Der Angestellte öffnete gleichmütig den Karton. »Mei«, sagte er mild und sah nicht auf, als die Tür knallend zufiel, »der wirds auch noch lernen…«
Wie er es erwartet hatte, nahm er am Abend des gleichen Tages das Schmuckkästchen und das Radio in Empfang, öffnete gönnerhaft die Schublade und zählte das Geld auf die Tischplatte. »Fünfundzwanzig. Wir sind ja keine Unmenschen, nedwahr.«
Kajetan wußte, daß er den Mund zu halten hatte. Stumm nahm er das Geld in Empfang und verließ das Pfandhaus.

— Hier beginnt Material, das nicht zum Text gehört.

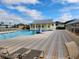 Relaxing community pool area with plenty of lounge chairs at 25533 Heritage Lake Blvd # 19, Punta Gorda, FL 33983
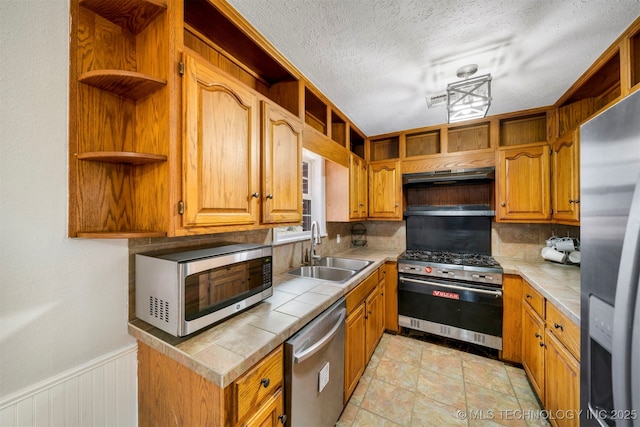 kitchen featuring sink, a textured ceiling, appliances with stainless steel finishes, tile counters, and backsplash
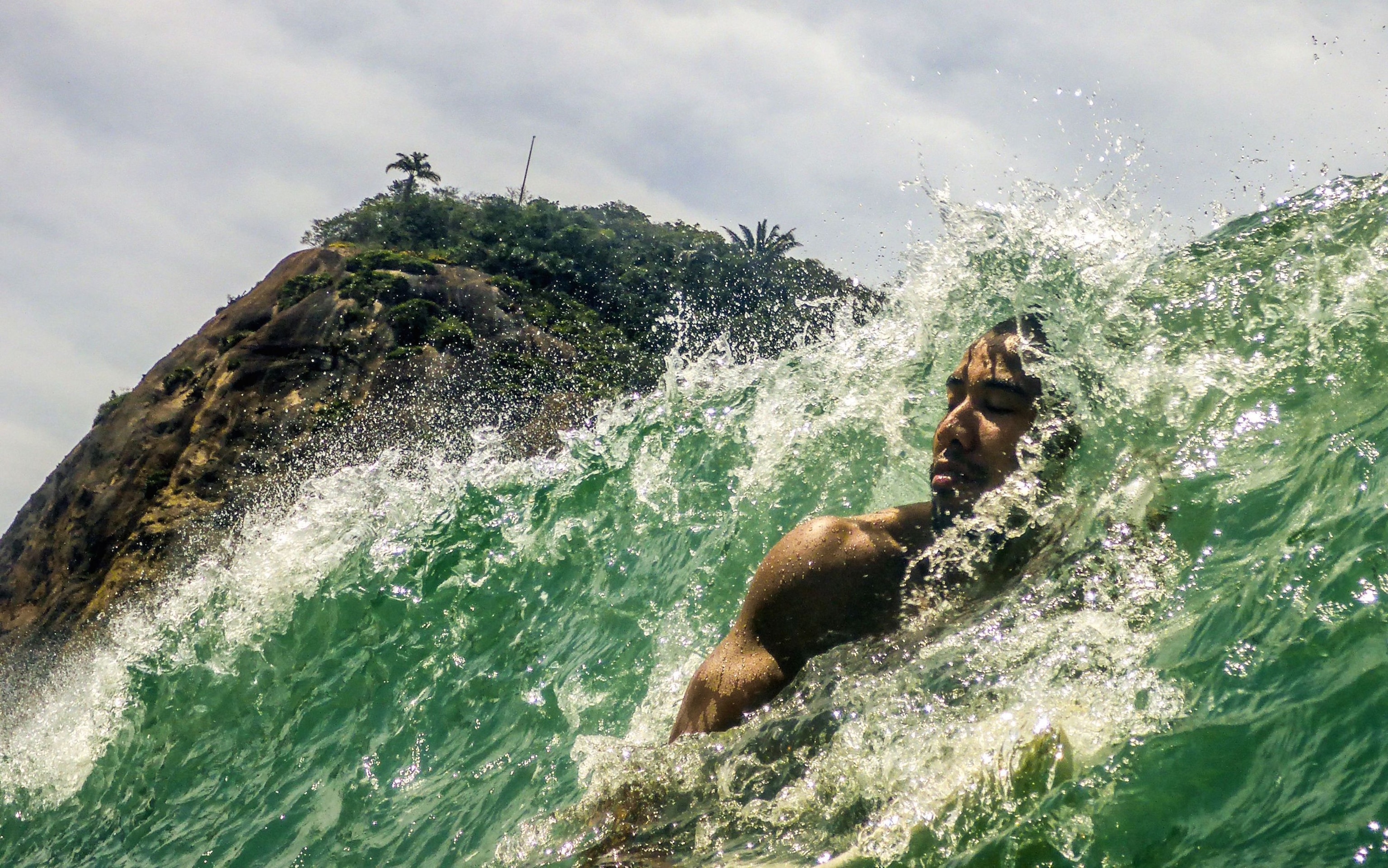 surfer in wave off Copacabana beach in Rio de Janeiro, Brazil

Es hatte gerade noch geklappt. Kajetan atmete erleichtert aus, als er seine Gepäckstücke auf den Boden stellte. Die alte Krausin hatte ihm zwar bereits vor zwei Tagen den Zimmerschlüssel abgenommen, damit er sich nicht, ohne die restliche Miete bezahlt zu haben, davonmachen konnte, jedoch nicht damit gerechnet, daß das Öffnen eines Türschlosses für einen ehemaligen Polizisten ein Leichtes war. Zu achten war lediglich darauf, daß die Hausbesitzerin auch tatsächlich in die Abendandacht gegangen war und der grobe Brauknecht bereits an der Schänke des »Soller« zu tun hatte.

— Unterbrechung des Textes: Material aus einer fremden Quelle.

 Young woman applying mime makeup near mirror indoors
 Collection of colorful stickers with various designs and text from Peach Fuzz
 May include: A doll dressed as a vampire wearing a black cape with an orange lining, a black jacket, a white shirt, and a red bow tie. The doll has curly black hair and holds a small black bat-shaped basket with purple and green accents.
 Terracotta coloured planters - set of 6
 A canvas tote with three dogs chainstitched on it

Der Pensionsbesitzer, der den Kopf aus der Tür zu seiner Kammer streckte, machte einen erschöpften Eindruck.
»Ach, Sie«, sagte er mißgelaunt, »habens das Geld dabei?«
Kajetan nickte und griff in seine Tasche.

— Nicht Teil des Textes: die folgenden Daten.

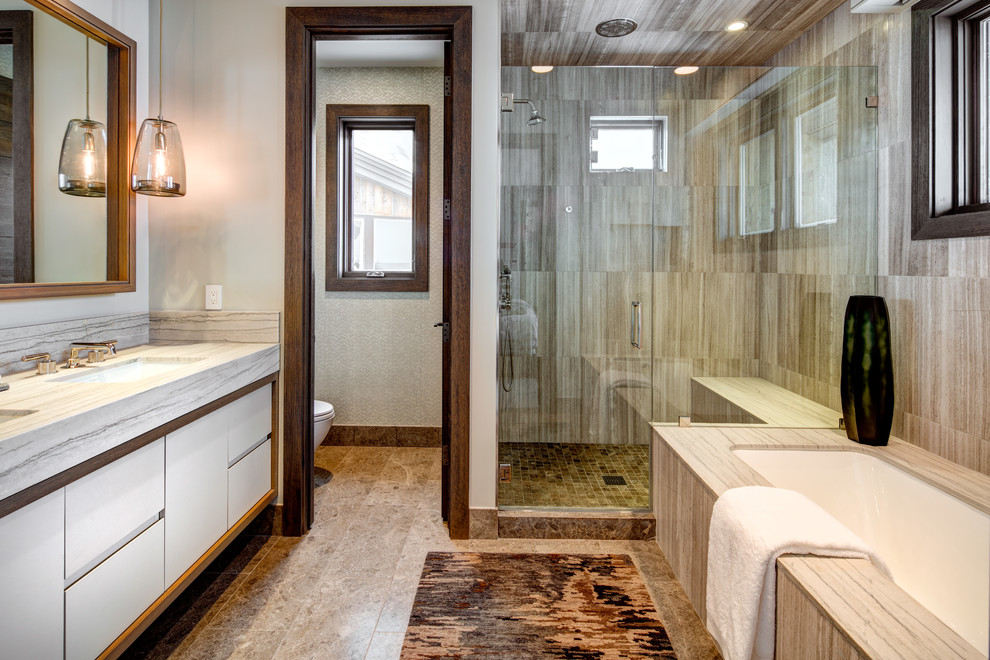 Inredning av ett modernt stort en-suite badrum, med släta luckor, vita skåp, ett undermonterat badkar, en dusch i en alkov, beige väggar, ett undermonterad handfat, beiget golv, dusch med gångjärnsdörr, beige kakel, brun kakel, porslinskakel, klinkergolv i porslin och marmorbänkskiva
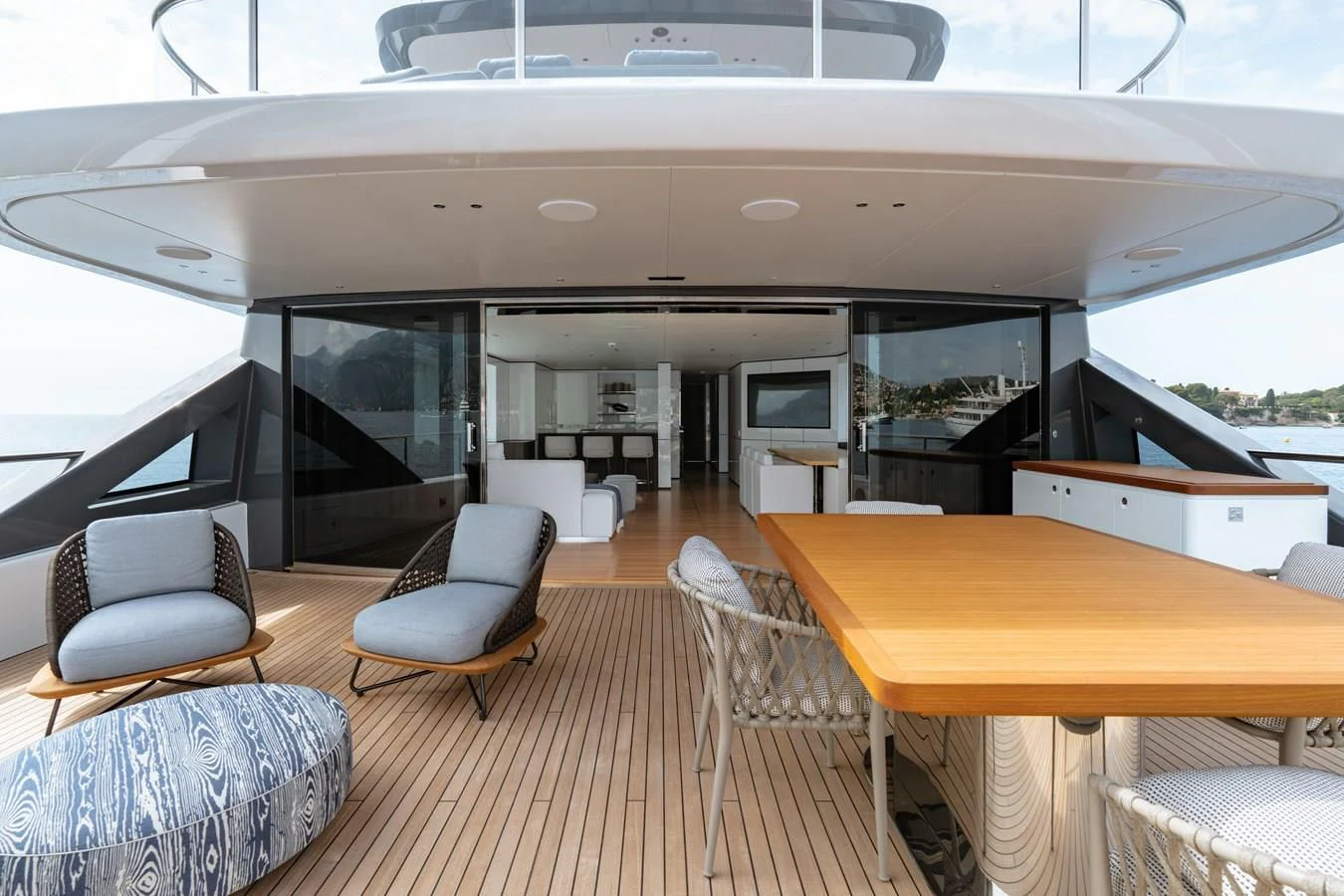 a room with a table chairs and a large window aboard WAVE Yacht for Sale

»Da, schauns.« Er legte die Geldstücke auf den Empfangstresen. Brettschneider sah darauf, hob den Kopf und zog die Oberlippe schniefend hoch.
»Seh ich. Die Anzahlung. Und?«
»Und… was?«
»Die Miete für den August? Zehn Mark waren ausgemacht!« Kajetan sah ihn entgeistert an.